• Exercise material:
........
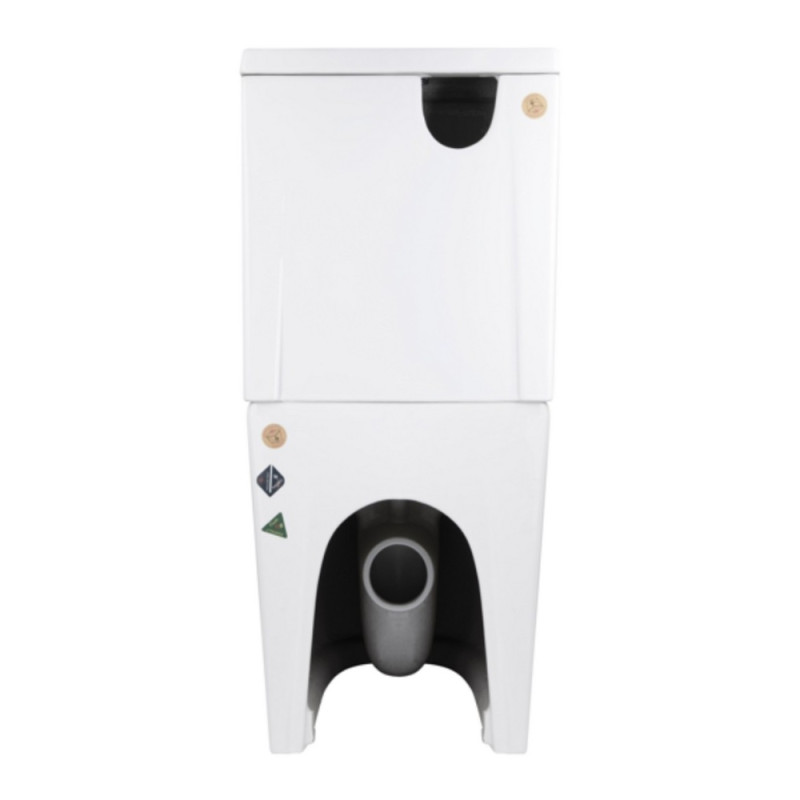 Унітаз-компакт Qtap Stork/Swan безобідковий з сідінням Soft-close QT15222179W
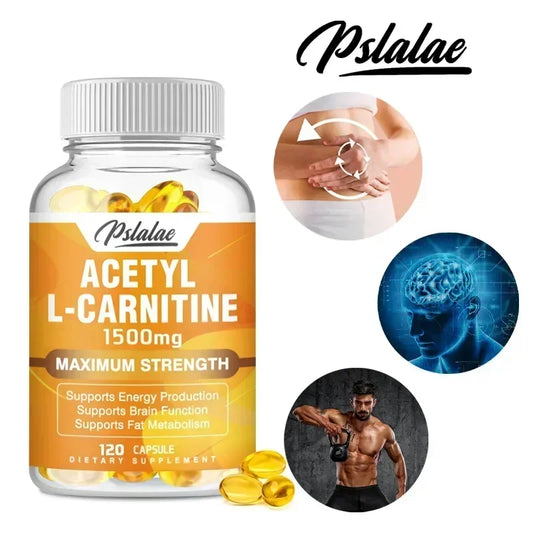 Acetyl-L-Carnitine Capsules 1500 Mg - Supports Natural Energy Production, Supports Memory and Concentration Supplement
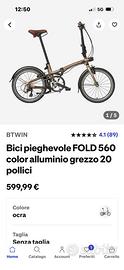 Bici pieghevole 560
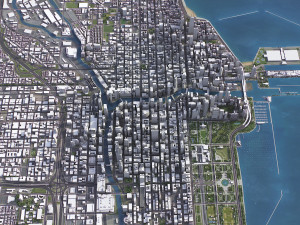 Chicago - 3D City Model Modèle 3D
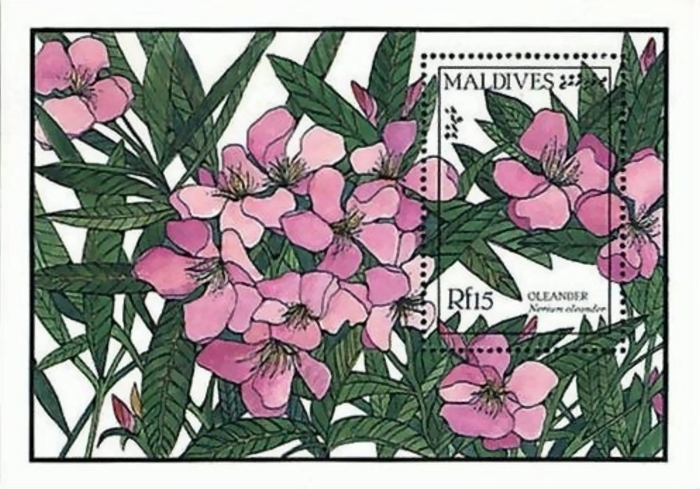 1987 Flowers 'Oleander' Souvenir Sheet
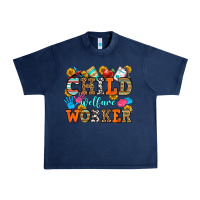 Navy child welfare worker Urban Heavy Tee - OliviaCreatesArt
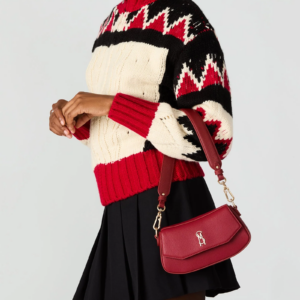 תיק צד לנשים BTAIGA באדום זהב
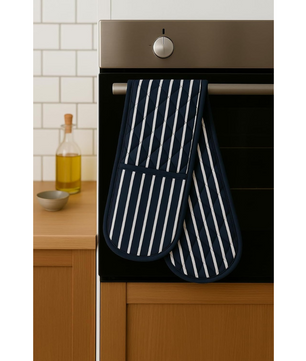 Butcher Stripe Double Oven Gloves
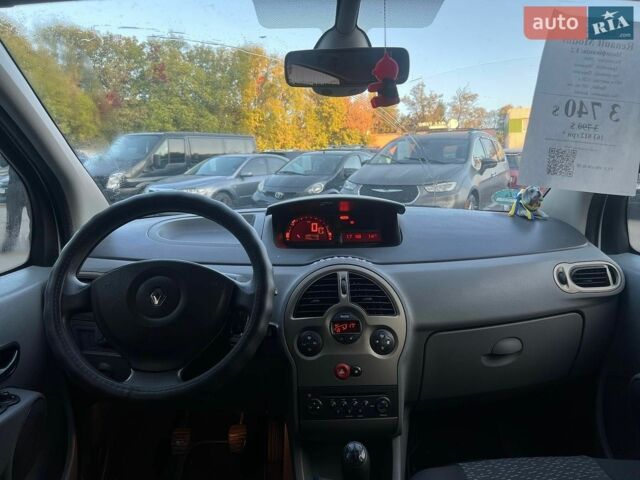 Сірий Рено Модус, об'ємом двигуна 1.2 л та пробігом 197 тис. км за 3140 $, фото 17 на Automoto.ua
........
• Task requirements:
The expected output is every line from the line where "Butcher Stripe Double Oven Gloves" appears to the final line of the material, unchanged and with no pictures.

• Answer section:
 Butcher Stripe Double Oven Gloves
 Сірий Рено Модус, об'ємом двигуна 1.2 л та пробігом 197 тис. км за 3140 $, фото 17 на Automoto.ua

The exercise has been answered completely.